Speaking with GameTrailers, the former Naughty Dog and THQ boss Jason Rubin branded Nintendo "irrelevant" in the console hardware space, but admitted that the company as a whole was a "worldwide treasure."
Rubin's comments come amid continuing dismal sales figures for Nintendo's Wii U, with the latest being the recent revelations that in its first week on sale, Sony's PlayStation 4 has already surpassed Wii U's lifetime sales in the UK, and that considerably more people have bought a copy of Knack than Super Mario 3D World.
The sales figures have once again prompted the seemingly interminable discussion that Nintendo should consider releasing its games on non-Nintendo platforms -- Rubin said the fact that this hadn't happened yet was "a crime."
Despite Wii U flagging in the face of significant, technologically superior competition, however, it still has a number of points in its favor. Most notably, Wii U exclusives are significantly more distinctive than those found on PlayStation 4 and Xbox 360, and include beloved Nintendo franchises such as Mario and Zelda -- plus more recent popular affairs such as Wii Fit and Wii Party which have that unmistakeable brand of Nintendo fun about them. This distinctiveness is almost certainly why we'll never see these games on non-Nintendo hardware: while Wii U is struggling to sell, somewhat like its spiritual precursor the GameCube, it's still the only place to have certain experiences, and that's unlikely to change any time soon.

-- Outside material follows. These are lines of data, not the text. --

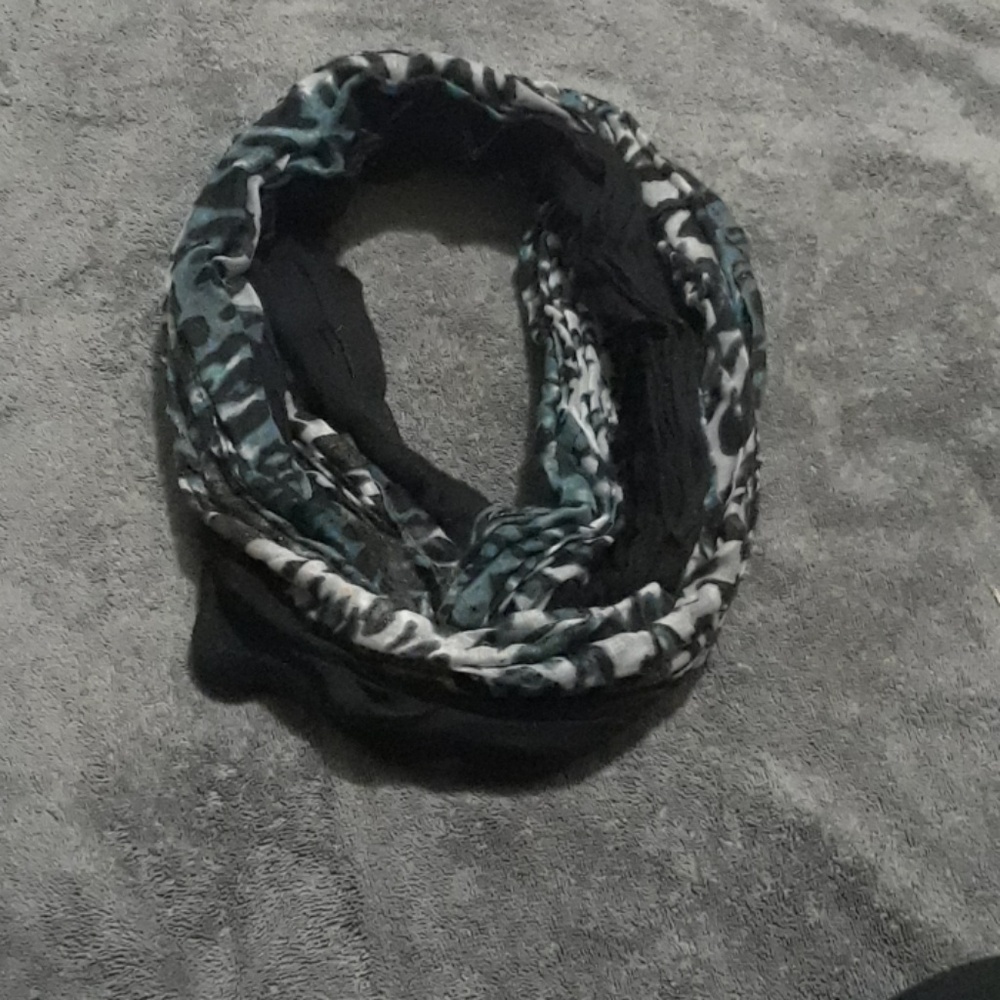 Two thin infinity scarfs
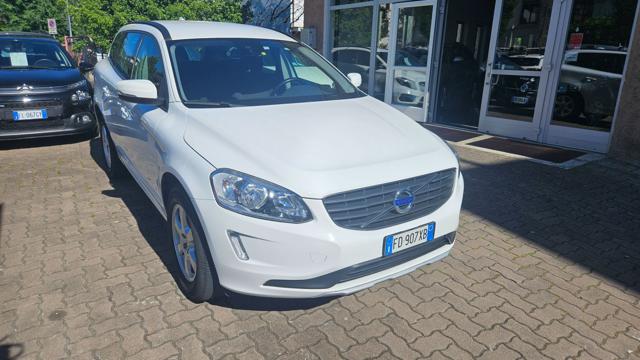 VOLVO XC60 Bianco metallizzato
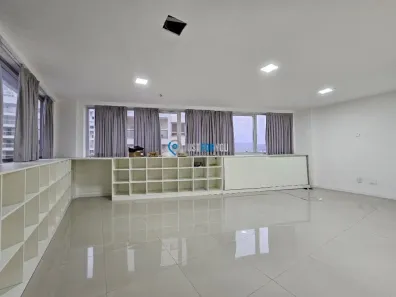 Sala Comercial para alugar, 45m² no Barra Olímpica, Rio de Janeiro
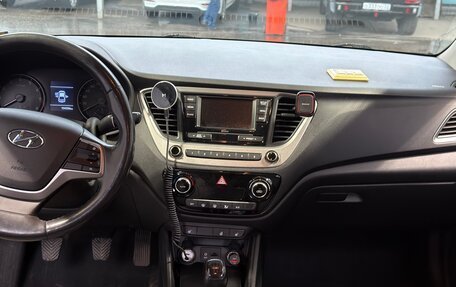 Hyundai Solaris II рестайлинг, 2017 год, 900 000 рублей, 6 фотография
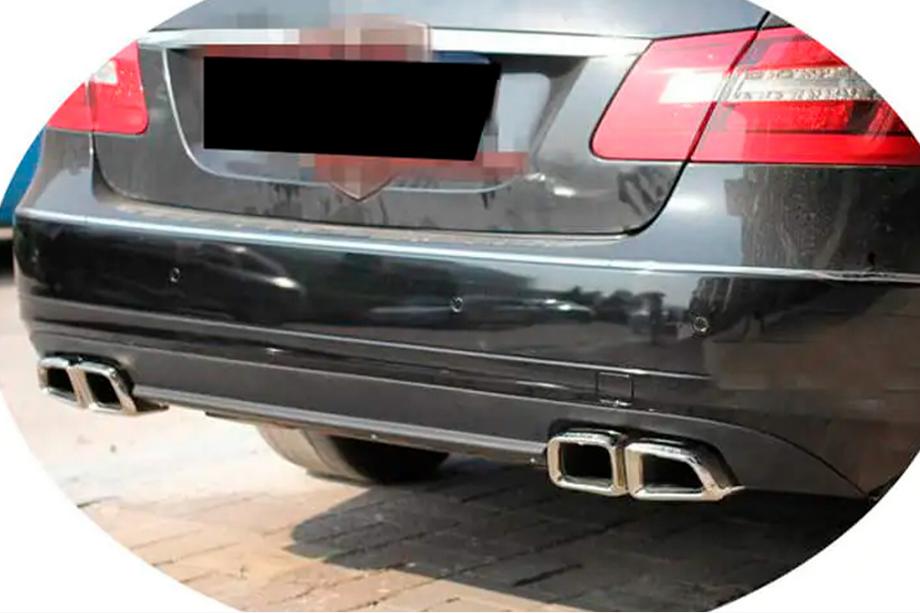 Mercedes E-class W212 2009–2016 Aizmugurējā bampera difuzors (Base SD 2010-2013, oglekļa šķiedra) Image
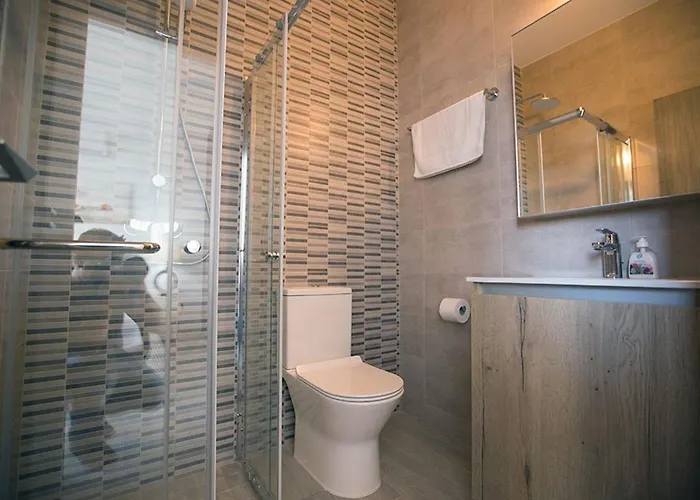 Apomono - New Luxury 3 Bedroom With Pool Βίλα Πρωταράς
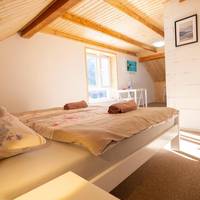 Apartments & Rooms Banic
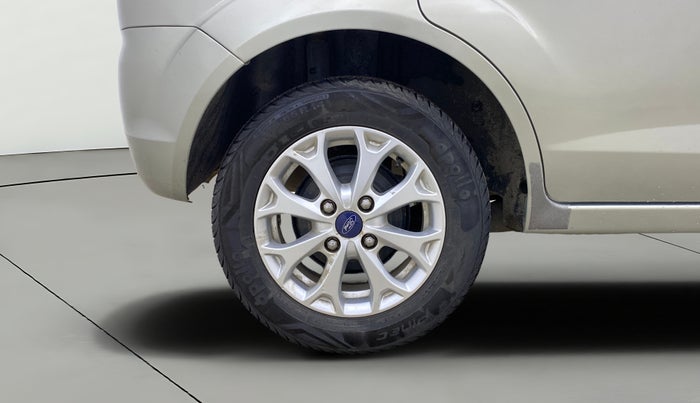 2014 Ford Figo TITANIUM 1.2 PETROL, Petrol, Manual, 18,257 km, Right Rear Wheel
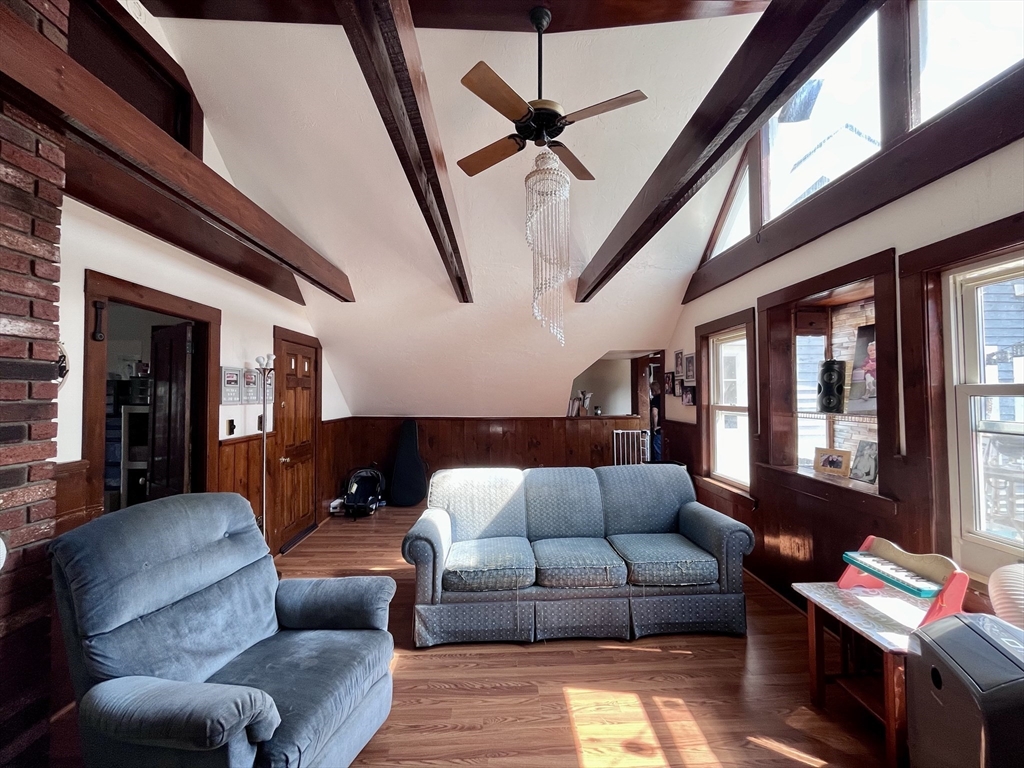 97 Pleasant Street Clinton, MA 01510 - Photo 19 of 30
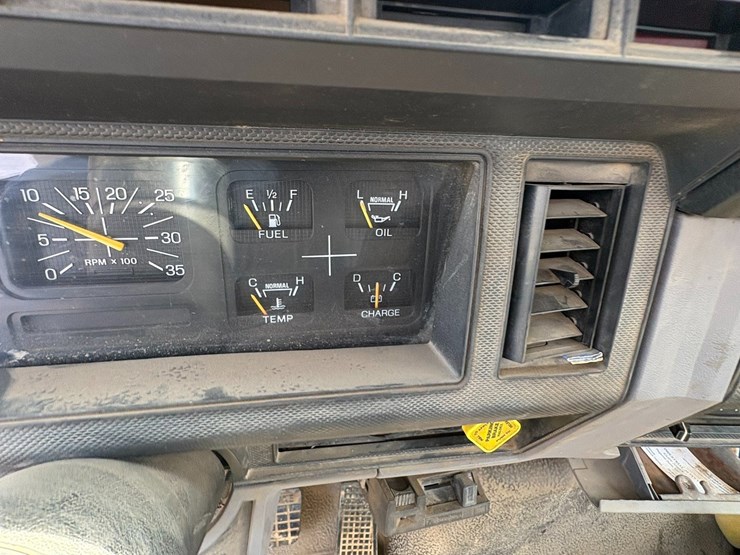 1999-ford-f800-image-71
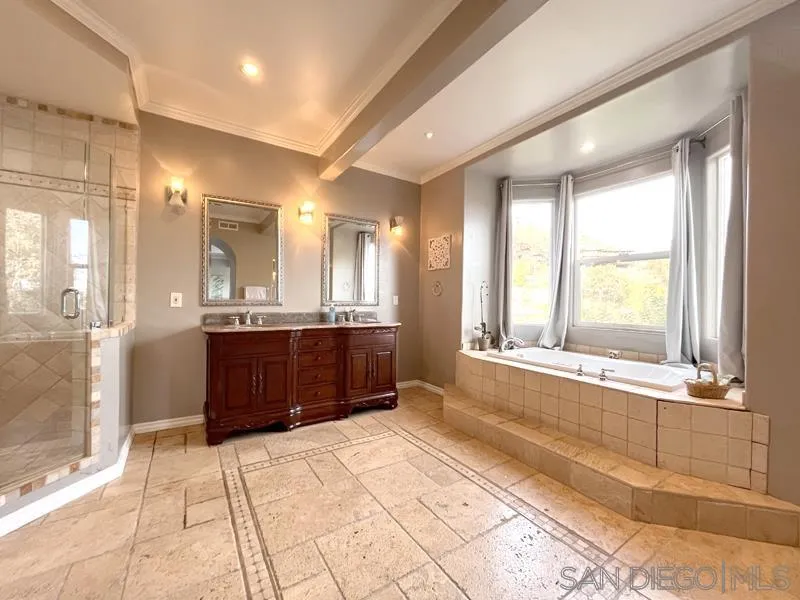 https://cdn.realtyfeed.com/cdn/127/250041011/19324b9027d21d8c706f7b7f66efa0e2.webp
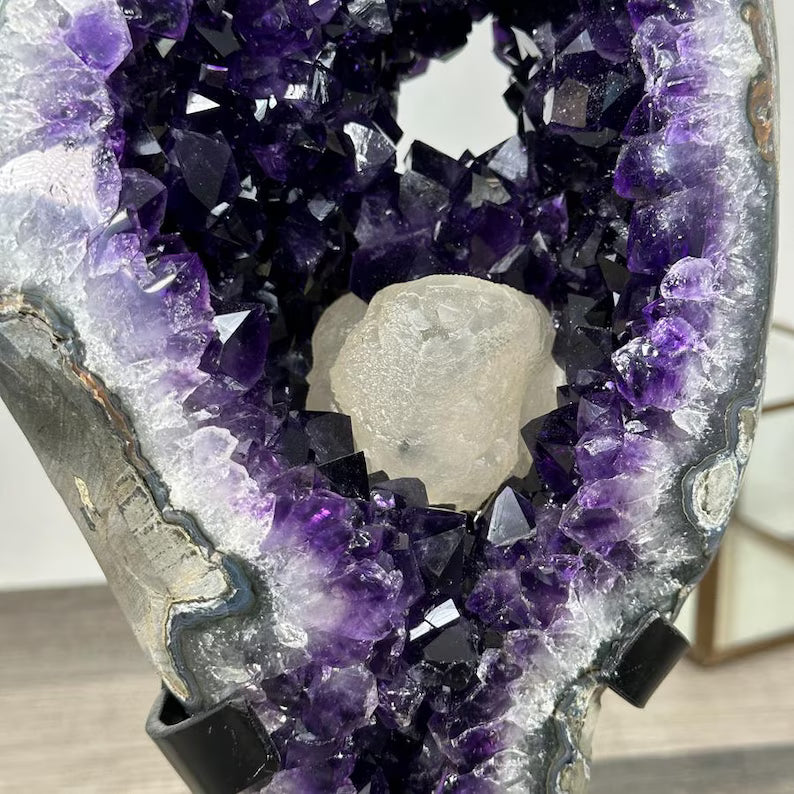 Large Top Grade Amethyst Geode with Calcite Crystal Inclusion - MWS2963, 20.5x16.5 - 3KG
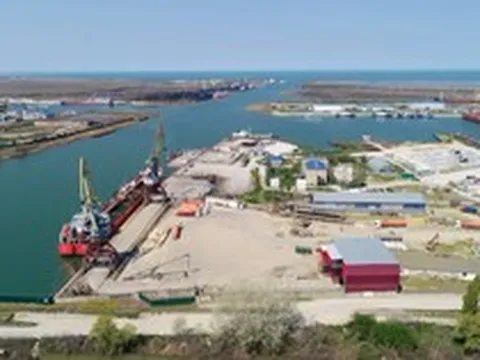 Hỏa hoạn tại cảng của Nga do trúng UAV tấn công
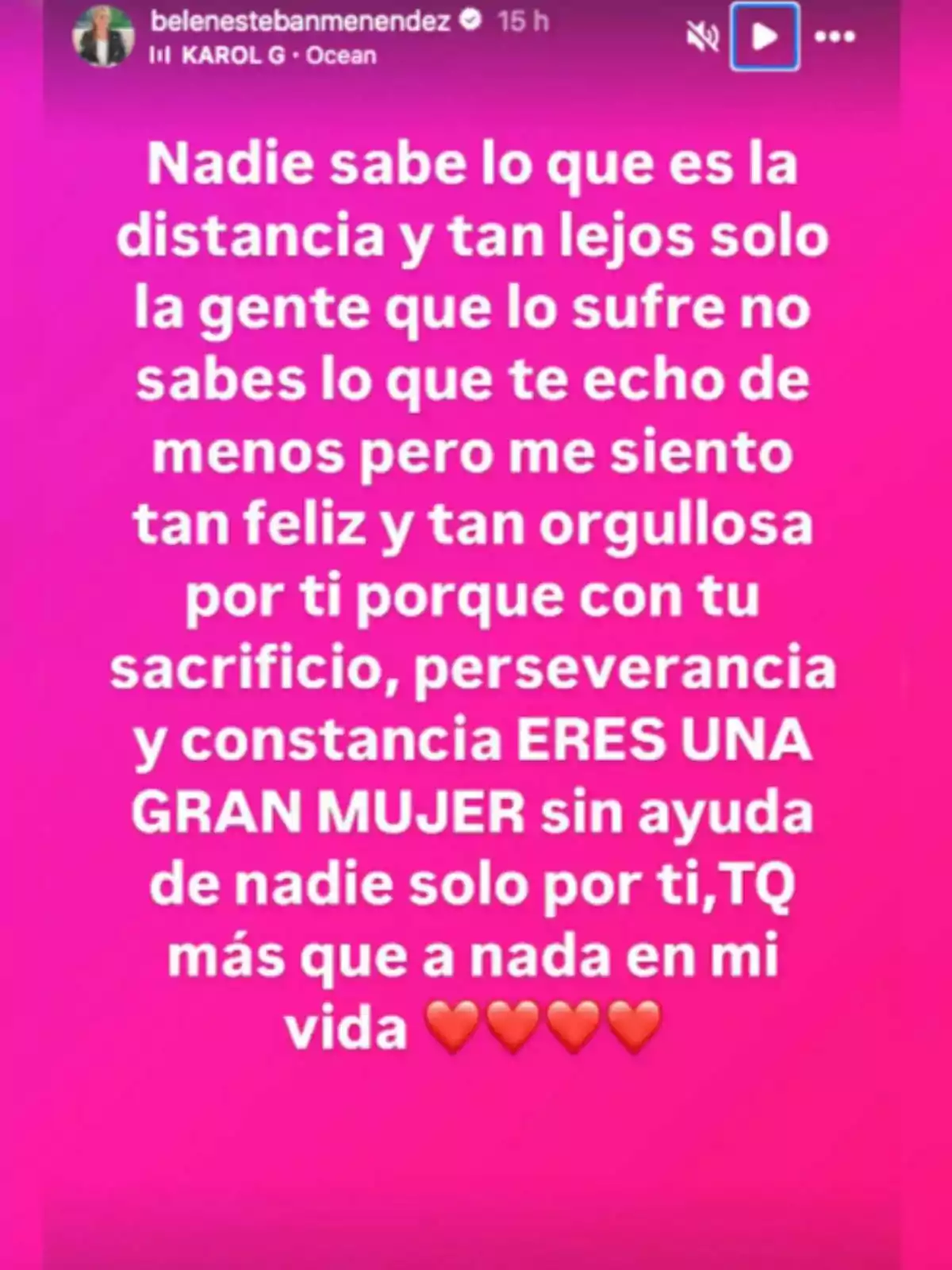 Imatge d’una història d’Instagram amb fons rosa i un missatge en lletres blanques expressant orgull i amor cap a una dona pel seu sacrifici, perseverança i constància, acompanyat de diversos cors vermells al final del text Imatge d’una història d’Instagram amb fons rosa i un missatge en lletres blanques expressant orgull i amor cap a una dona pel seu sacrifici, perseverança i constància, acompanyat de diversos cors vermells al final del text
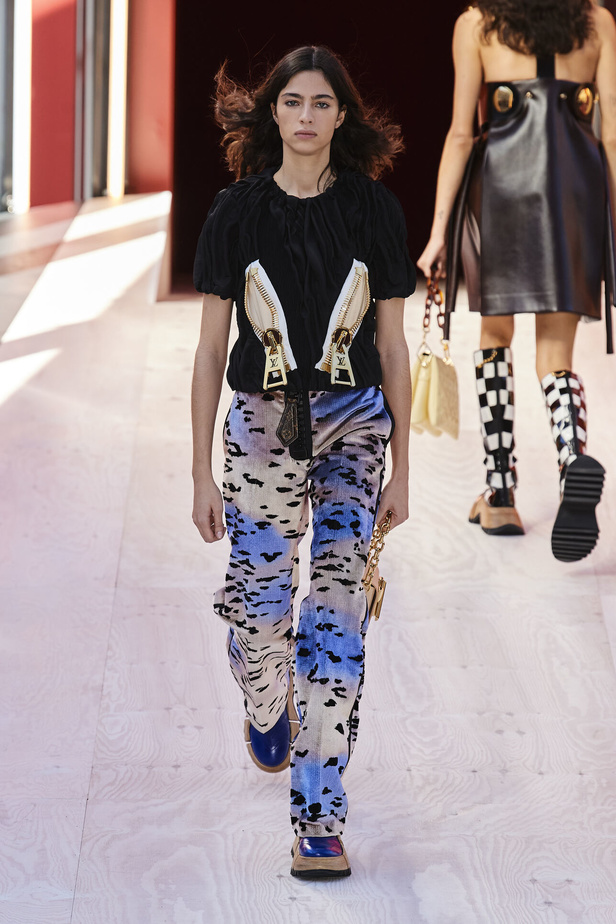 مجموعة Louis Vuitton  لربيع وصيف 2023.. تصاميم مبتكرة وأناقة الجلد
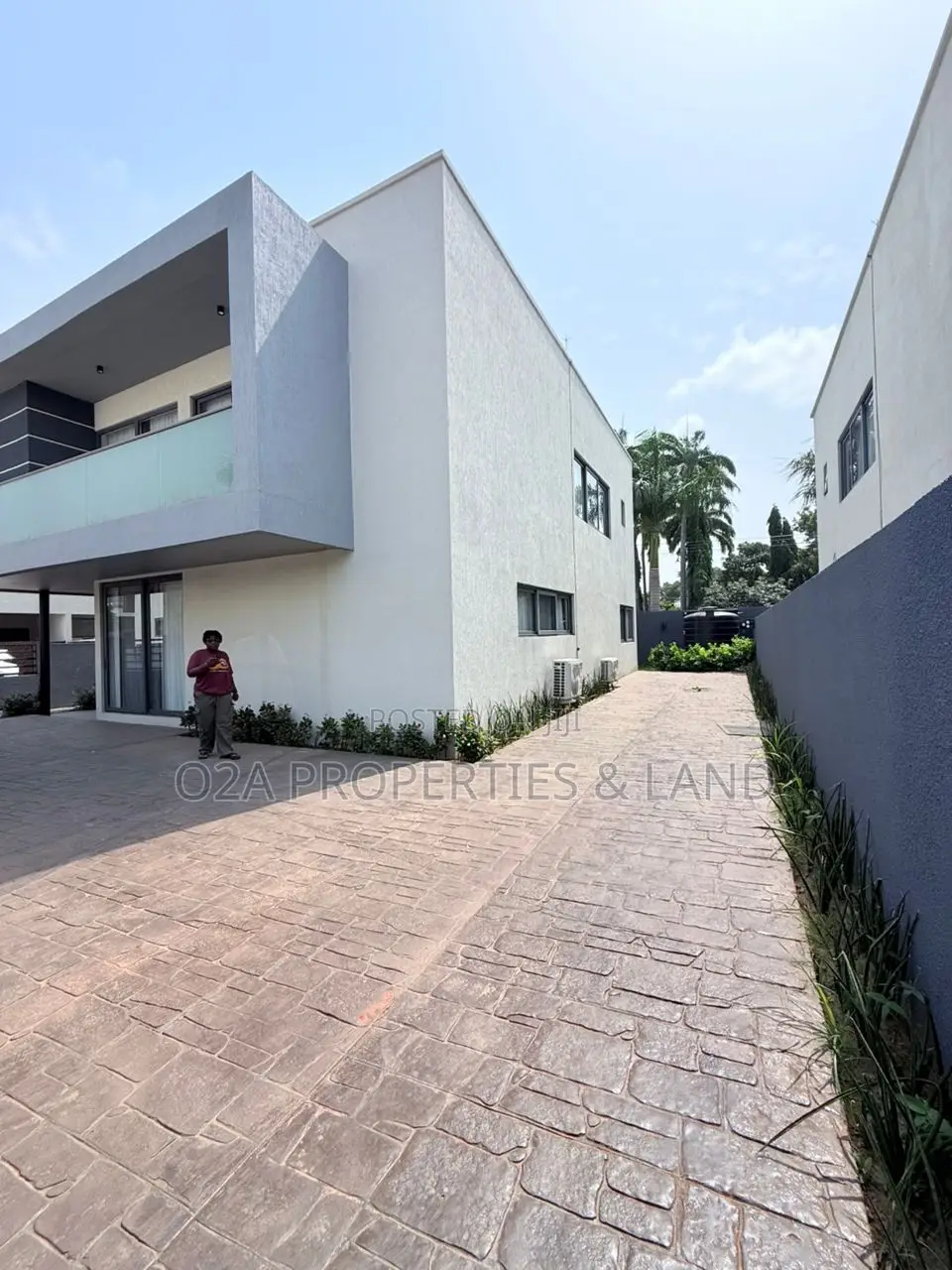 Furnished 4bdrm Townhouse / Terrace in Cantonments, Acquinas for rent in Acquinas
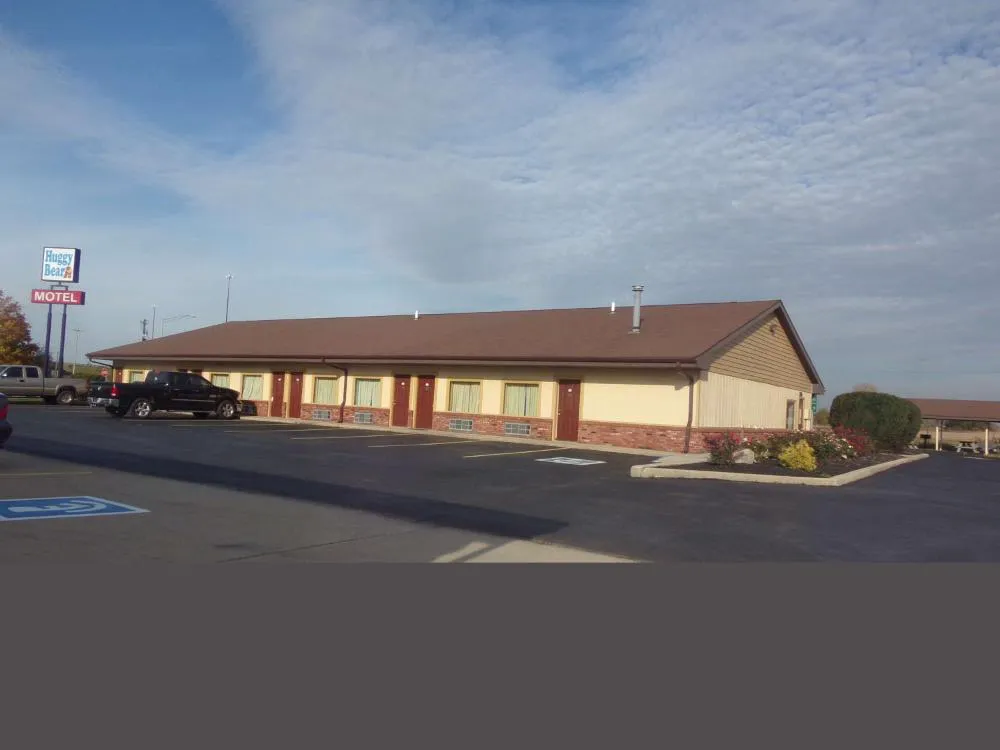 Huggy Bear Motel hotel hero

Super Mario 3D World's launch week sales figures may look bad, but as always, Nintendo is in this for the long game: given the way things have worked in the past, it's more than likely that the critically acclaimed Super Mario 3D World will continue to sell a year from now, while PlayStation 4 owners will almost definitely have moved on from the -- to put it politely -- rather divisive Knack by then.
We had a good old argument about whether or not you should buy a Wii U recently, along with what the best Wii U games are. What do you think? Is Nintendo "irrelevant," as Rubin claims, or do you think it's fine continuing along its own path?